**EXERCISE**
In the records below, begin at the line containing "Uses: it is" and end at the line containing "Before we get"; quote every line in that span exactly, including both boundary lines, and no others.

**INPUT**
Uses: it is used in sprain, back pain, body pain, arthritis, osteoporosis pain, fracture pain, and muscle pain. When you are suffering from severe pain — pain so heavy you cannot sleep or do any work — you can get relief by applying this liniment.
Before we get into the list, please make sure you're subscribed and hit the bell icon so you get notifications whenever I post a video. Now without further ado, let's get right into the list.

...

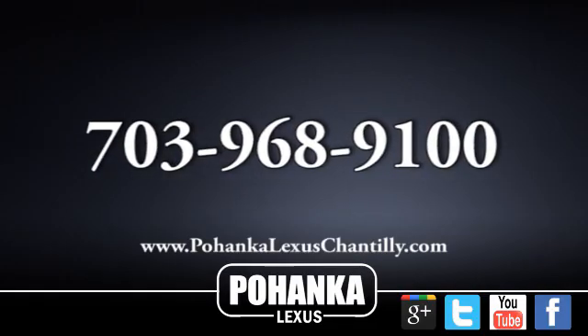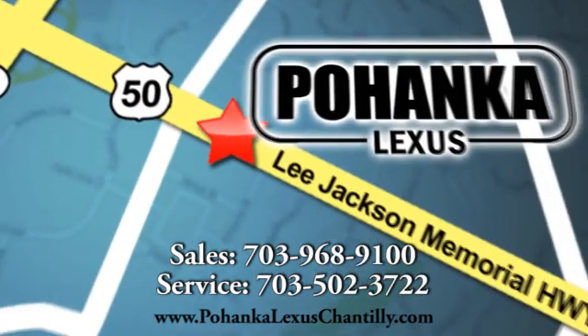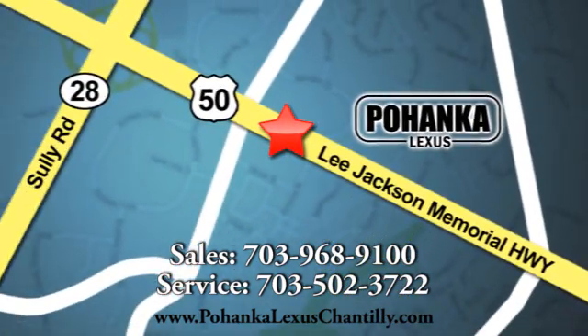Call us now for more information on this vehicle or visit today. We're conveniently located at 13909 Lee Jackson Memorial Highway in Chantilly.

---

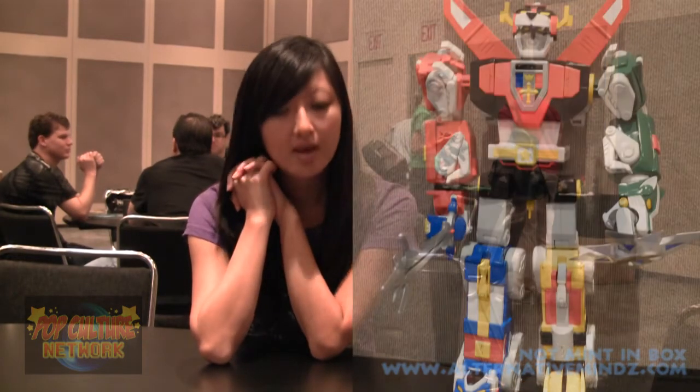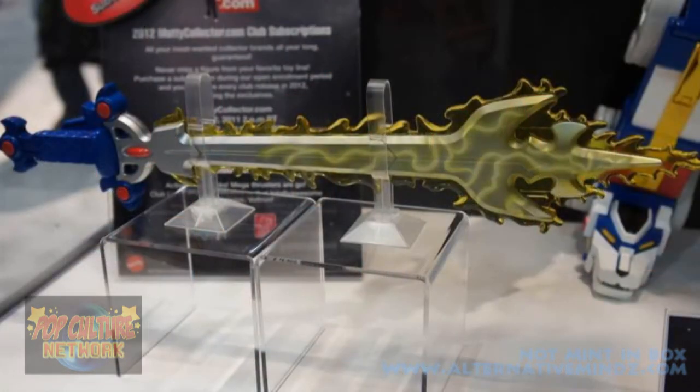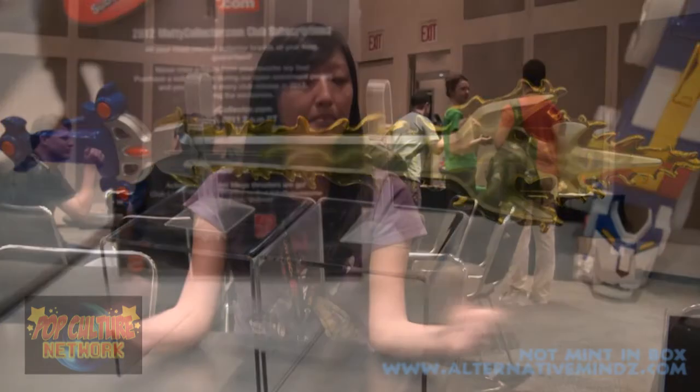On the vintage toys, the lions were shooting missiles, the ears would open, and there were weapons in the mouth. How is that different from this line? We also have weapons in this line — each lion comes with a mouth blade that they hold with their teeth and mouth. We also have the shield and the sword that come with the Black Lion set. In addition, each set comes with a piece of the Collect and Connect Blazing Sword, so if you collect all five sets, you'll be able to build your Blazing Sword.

**SOLUTION FOR THIS PROBLEM**
Uses: it is used in sprain, back pain, body pain, arthritis, osteoporosis pain, fracture pain, and muscle pain. When you are suffering from severe pain — pain so heavy you cannot sleep or do any work — you can get relief by applying this liniment.
Before we get into the list, please make sure you're subscribed and hit the bell icon so you get notifications whenever I post a video. Now without further ado, let's get right into the list.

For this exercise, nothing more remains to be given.